Their work is intended as a technological step to address concerns about the prevalence of highly idealized and digitally edited images in advertising and fashion magazines. Such images, research suggests, contribute to eating disorders and anxiety about body types, especially among young women.
The Dartmouth research, said Seth Matlins, a former talent agent and marketing executive, could be “hugely important” as a tool for objectively measuring the degree to which photos have been altered. He and his wife, Eva Matlins, the founders of a women’s online magazine, Off Our Chests, are trying to gain support for legislation in America. Their proposal, the Self-Esteem Act, would require photos that have been “meaningfully changed” to be labeled.

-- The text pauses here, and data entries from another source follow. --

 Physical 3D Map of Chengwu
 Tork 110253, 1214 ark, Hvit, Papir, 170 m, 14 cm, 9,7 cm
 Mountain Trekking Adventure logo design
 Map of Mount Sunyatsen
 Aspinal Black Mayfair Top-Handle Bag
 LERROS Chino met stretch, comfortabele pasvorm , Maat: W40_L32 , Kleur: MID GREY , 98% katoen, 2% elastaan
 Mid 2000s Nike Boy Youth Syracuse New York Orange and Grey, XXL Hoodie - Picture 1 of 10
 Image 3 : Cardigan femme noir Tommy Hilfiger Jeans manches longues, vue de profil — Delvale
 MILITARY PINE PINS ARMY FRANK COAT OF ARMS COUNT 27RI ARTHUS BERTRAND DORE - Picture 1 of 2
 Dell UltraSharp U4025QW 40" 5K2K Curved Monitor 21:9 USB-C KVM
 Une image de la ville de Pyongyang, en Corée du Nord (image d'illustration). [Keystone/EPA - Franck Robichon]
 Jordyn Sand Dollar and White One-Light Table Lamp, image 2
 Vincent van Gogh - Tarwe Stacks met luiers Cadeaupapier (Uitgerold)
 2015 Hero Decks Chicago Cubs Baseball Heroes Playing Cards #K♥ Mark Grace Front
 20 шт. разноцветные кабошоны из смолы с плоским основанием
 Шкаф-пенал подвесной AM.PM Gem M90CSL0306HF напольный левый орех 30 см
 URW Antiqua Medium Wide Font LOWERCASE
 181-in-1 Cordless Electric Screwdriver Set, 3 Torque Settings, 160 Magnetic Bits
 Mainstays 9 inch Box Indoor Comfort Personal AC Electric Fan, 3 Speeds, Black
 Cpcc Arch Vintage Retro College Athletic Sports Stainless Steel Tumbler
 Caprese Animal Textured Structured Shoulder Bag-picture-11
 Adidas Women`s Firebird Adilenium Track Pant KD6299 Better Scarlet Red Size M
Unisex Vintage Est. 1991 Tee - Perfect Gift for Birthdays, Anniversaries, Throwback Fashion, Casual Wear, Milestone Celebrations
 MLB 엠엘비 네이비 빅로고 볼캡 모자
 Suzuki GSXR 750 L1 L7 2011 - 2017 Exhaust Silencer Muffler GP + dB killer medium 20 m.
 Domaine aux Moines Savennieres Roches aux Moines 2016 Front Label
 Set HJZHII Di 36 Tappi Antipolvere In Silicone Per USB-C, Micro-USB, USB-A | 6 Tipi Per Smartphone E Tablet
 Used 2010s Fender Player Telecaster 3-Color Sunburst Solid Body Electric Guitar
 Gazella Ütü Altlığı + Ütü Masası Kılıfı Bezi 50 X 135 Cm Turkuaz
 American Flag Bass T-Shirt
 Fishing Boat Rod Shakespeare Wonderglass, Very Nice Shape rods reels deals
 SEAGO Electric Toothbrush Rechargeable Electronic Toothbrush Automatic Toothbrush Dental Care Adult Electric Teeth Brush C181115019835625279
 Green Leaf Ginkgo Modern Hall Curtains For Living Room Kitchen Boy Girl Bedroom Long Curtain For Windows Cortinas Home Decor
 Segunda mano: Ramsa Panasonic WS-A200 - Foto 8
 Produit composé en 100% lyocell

“We’re just after truth in advertising and transparency,” Mr. Matlins said. “We’re not trying to demonize Photoshop or prevent creative people from using it. But if a person’s image is drastically altered, there should be a reminder that what you’re seeing is about as true as what you saw in ‘Avatar,’ ” the science-fiction movie with computer-generated actors and visual effects.
The algorithm developed by Dr. Farid and Mr. Kee statistically measures how much the image of a person’s face and body has been altered. Many of the before-and-after photos for their research were plucked from the Web sites of professional photo retouchers, promoting their skills.
The algorithm is meant to mimic human perceptions. To do that, hundreds of people were recruited online to compare sets of before-and-after images and to determine the 1-to-5 scale, from minimally altered to starkly changed. The human rankings were used to train the software.
His tool, Dr. Farid said, would ideally be a vehicle for self-regulation. Information and disclosure, he said, should create incentives that reduce retouching. “Models, for example, might well say, ‘I don’t want to be a 5. I want to be a 1,’ ” he said.
Yet even without the prod of a new software tool, there is a trend toward Photoshop restraint, said Lesley Jane Seymour, editor in chief of More, a magazine for women over 40.
Women’s magazine surveys, said Ms. Seymour, a former editor of Marie Claire and Redbook, show that their readers want celebrities to “look great but real.”
“What’s terrific is that we’re having this discussion,” she said. But readers, she added, have become increasingly sophisticated in understanding that photo retouching is widespread, and the overzealous digital transformations become notorious, with the before-and-after images posted online and ridiculed.
“Readers aren’t fooled if you really sculpt the images,” Ms. Seymour said. “If you’re a good editor, you don’t go too far these days. If you give someone a face-lift,” she said, adding, “you’re a fool.”